How much can I save?
Possibly a lot, possibly nothing, it depends on what you are making. Plastic like ABS or Polypropylene are commodities and as such are subject to market pricing. If you are producing injected molded goods like cups or toys it is not necessarily cheaper overseas, the material cost would be the same. In fact I would suggest a domestic manufacturer just for ease of communication. But, and this is a big but, if there is labor associated with the product, say all those little plastic pieces need to be assembled, then overseas may be cheaper. Also, it is not uncommon to have molds made overseas and then to have them shipped to the US for use in factories.
Is Overseas All The Same?
Definitely not. Take for example Taiwan and China. Fifty years ago Taiwan was the Asian manufacturing power house. China was going through the Cultural Revolution and people were starving. Taiwan was stable and open for business. Prices were low, labor was cheap and “Made in Taiwan” flooded the US market. Fast forward fifty years and as Taiwan’s technology has progressed so has the cost of labor. A modern toothbrush is a good example. It is injection molded with up to five different colors of plastic in it. The machines that make these are very complex. Different types of plastic, different cooling rates, inserting the brushes in the head, different colors of bristles and shapes, a very complex machine. Most of these machines are made in Taiwan or Japan, then shipped to China for use because of the low labor rate. The labor rate in Taiwan is much higher than China. Taiwan is also much closer to the US in cultural values and is easier to navigate. You can step off a plane in Taiwan and rent a car with your US drivers license. That is not happening in China. As a general rule I have found, the more western and advanced the country is, the higher the labor rate. As a matter of fact, the iPhone is made in a factory located in China but owned by a Taiwanese firm.

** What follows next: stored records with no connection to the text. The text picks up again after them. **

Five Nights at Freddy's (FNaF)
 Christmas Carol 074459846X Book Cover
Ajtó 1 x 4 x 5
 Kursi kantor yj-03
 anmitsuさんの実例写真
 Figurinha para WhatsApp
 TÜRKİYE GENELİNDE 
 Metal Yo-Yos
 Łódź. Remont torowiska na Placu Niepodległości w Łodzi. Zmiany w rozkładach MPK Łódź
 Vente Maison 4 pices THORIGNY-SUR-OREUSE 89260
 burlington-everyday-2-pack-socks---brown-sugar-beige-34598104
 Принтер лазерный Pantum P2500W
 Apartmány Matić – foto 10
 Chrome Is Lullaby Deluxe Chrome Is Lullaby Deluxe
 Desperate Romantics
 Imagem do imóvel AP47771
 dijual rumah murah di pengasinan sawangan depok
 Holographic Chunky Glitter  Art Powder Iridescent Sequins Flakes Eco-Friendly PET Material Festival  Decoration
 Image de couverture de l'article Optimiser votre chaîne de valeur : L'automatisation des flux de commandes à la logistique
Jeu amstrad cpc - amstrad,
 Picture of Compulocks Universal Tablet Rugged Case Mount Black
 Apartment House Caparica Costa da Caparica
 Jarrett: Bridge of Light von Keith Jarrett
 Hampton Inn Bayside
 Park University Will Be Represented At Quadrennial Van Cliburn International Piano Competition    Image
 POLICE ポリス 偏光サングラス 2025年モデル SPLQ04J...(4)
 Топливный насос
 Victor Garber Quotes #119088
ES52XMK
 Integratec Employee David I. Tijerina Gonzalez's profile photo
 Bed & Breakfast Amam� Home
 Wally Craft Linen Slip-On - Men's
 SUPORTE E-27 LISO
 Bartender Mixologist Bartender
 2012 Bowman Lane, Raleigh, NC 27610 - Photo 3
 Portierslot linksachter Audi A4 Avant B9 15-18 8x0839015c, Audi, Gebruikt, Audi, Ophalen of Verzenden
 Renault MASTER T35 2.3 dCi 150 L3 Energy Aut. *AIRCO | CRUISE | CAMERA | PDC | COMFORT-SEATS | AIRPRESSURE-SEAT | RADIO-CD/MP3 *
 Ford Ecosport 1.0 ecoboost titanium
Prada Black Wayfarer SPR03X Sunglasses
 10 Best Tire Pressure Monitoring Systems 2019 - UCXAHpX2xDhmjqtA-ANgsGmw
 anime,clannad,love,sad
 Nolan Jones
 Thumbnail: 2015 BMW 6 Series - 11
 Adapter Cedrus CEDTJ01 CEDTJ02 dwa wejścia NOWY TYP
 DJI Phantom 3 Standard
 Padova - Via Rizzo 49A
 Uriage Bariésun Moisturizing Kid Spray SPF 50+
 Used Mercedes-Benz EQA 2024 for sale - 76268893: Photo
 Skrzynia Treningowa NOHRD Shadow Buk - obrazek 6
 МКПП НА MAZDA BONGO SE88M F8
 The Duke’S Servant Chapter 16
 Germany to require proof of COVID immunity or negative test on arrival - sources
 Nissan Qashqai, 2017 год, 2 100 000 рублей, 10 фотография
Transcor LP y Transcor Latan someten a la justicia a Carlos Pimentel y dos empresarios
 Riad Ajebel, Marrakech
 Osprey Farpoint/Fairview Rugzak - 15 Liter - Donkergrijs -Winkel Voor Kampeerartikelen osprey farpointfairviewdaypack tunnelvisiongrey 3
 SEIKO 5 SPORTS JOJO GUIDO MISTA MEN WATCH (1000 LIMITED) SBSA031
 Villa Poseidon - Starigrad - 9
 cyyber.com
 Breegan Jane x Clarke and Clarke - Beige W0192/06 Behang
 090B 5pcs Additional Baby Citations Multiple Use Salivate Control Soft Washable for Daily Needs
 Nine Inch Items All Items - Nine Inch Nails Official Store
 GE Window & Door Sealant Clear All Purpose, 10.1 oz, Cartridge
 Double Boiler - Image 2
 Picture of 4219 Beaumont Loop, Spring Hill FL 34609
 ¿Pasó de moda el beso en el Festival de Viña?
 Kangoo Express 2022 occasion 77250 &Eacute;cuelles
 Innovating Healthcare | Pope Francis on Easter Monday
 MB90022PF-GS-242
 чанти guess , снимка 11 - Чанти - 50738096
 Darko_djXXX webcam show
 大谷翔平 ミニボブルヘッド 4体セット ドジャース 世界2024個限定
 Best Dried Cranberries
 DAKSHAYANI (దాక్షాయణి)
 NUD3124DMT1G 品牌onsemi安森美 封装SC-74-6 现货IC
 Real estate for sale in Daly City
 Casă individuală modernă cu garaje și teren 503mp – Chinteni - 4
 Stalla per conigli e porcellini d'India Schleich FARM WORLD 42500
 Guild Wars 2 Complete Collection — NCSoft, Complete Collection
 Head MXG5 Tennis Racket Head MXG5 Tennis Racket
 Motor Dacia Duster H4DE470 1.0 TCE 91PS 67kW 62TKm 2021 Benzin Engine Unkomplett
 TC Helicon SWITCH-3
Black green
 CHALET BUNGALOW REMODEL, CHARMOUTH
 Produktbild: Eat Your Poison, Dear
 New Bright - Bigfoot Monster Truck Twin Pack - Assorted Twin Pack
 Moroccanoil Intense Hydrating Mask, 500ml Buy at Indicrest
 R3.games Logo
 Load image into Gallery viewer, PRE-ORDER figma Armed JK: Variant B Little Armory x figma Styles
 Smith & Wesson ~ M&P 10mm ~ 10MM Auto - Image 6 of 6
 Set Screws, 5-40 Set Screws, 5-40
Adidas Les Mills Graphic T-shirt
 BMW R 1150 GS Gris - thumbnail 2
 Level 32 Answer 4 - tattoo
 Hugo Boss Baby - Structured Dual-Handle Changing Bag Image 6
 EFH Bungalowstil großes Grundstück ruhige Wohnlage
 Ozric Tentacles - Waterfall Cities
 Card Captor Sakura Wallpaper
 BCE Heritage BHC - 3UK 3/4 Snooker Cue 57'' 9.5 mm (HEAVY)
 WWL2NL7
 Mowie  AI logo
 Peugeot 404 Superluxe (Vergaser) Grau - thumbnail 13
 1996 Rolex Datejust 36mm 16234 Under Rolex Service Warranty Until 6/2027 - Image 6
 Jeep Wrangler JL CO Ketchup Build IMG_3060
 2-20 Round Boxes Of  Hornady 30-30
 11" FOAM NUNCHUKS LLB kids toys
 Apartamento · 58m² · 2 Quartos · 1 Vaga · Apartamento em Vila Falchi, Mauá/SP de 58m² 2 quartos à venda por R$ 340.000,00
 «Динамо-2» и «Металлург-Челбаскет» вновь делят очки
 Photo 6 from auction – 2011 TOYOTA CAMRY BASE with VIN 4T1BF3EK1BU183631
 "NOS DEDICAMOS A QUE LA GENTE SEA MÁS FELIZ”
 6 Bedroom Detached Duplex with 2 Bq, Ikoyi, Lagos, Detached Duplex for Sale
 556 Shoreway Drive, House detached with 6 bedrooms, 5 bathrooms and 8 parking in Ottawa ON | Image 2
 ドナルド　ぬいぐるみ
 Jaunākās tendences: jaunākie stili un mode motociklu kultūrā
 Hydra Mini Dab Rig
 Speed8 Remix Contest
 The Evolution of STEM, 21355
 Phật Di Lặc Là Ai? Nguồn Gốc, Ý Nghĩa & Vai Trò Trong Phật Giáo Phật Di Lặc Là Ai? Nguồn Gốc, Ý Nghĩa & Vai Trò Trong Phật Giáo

A Note About The Cost of Living
Why is the labor so much cheaper in countries like China and India? Basically it’s the cost of living. The average factory worker is not paying $300 a month for health insurance, they are not paying $115 for cable TV. No $300 a month car payment and forget the $1000 a year car insurance. And certainly not $8 a day for the fast food combo meal or $5 for the Starbucks latte in thee morning. Things are cheaper, life is cheaper so the average worker can easily live on $1000 a month salary and still save money. I have easily gotten by on $10 a day for meals in China, of course I’m eating Chinese food from the same vendors all the locals are using but I’m fine with that, I like Chinese food!
My Advice Is…
If you are just starting out, stay local. If it is a new product and something needs to be changed or there is some design issue you are better off with local manufacturing. I’ve just seen too many problems occur because either the direction was unclear or the files sent to the manufacturer were the old revision or a million other different other things that ended up in receiving product that was not usable. And to be honest, most of the time it was not the factory’s fault. Now having said that, if you have your designs perfected and can go to the factory at the start of the run to quality check and approve the products, great! On a volume order you can probably save a lot of money.